🤖 AI Summary
Existing reward models struggle to align with actual execution outcomes in multi-stage large language model (LLM) reasoning, thereby weakening their guidance for downstream tasks. This work proposes the first reward modeling approach tailored for multi-stage LLM pipelines in the context of code generation for combinatorial optimization problems. It introduces a two-stage architecture encompassing problem formulation and code generation, coupled with pipeline-adaptive data collection and Direct Preference Optimization (DPO) to ensure reward signals are consistent with final execution results. Evaluated on four optimization benchmarks, the method significantly improves both execution success rate and solution accuracy. Furthermore, cross-domain experiments on GSM8K demonstrate its strong generalization capability.
📝 Abstract
Reward models (RMs) are central to aligning large language models (LLMs) with human preferences, powering RLHF and advanced decoding strategies.
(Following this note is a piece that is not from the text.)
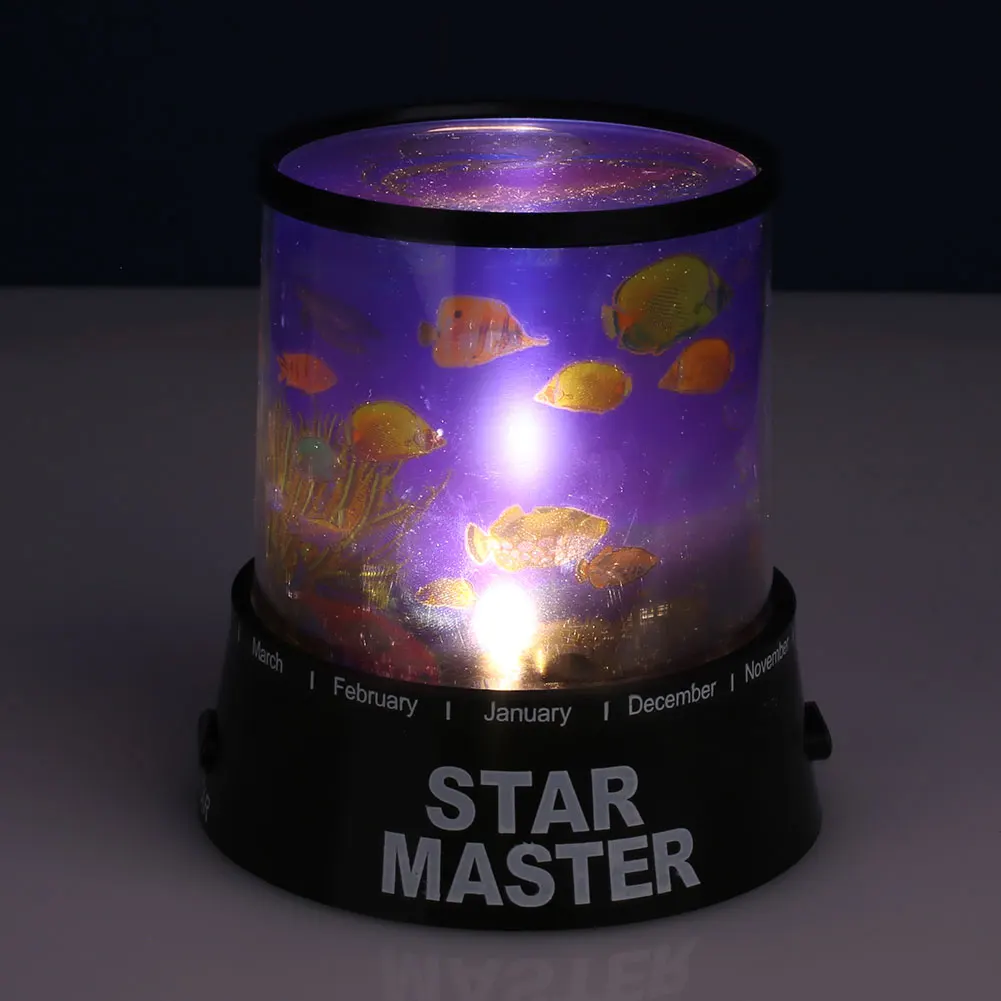 Premium Novelty Cosmos Master Button Bedroom Gift Home and Living Starry LED High Performance 4.5V Baby Romance Interior Design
While most prior work focuses on single-step generation, real-world applications increasingly adopt multi-stage LLM pipelines, where effective reward guidance remains underexplored. We investigate this through code generation for combinatorial optimization, constructing a pipeline that integrates reward models into both formulation and solution stages. We identify a critical challenge: inconsistency between reward model predictions and actual pipeline execution outcomes. To address this, we propose the Pipeline-Adapted Reward Model (PARM), which leverages pipeline-specific data and direct preference optimization to align rewards with downstream feedback. We instantiate PARM as a two-stage pipeline (formulation -> code generation) and evaluate it on four public optimization benchmarks, measuring execution rate and solving accuracy against baselines and sampling methods. A supplementary cross-domain experiment on GSM8K assesses transferability. Results demonstrate that PARM consistently improves pipeline output quality and stability, providing new insights into reward modeling for multi-stage LLM reasoning.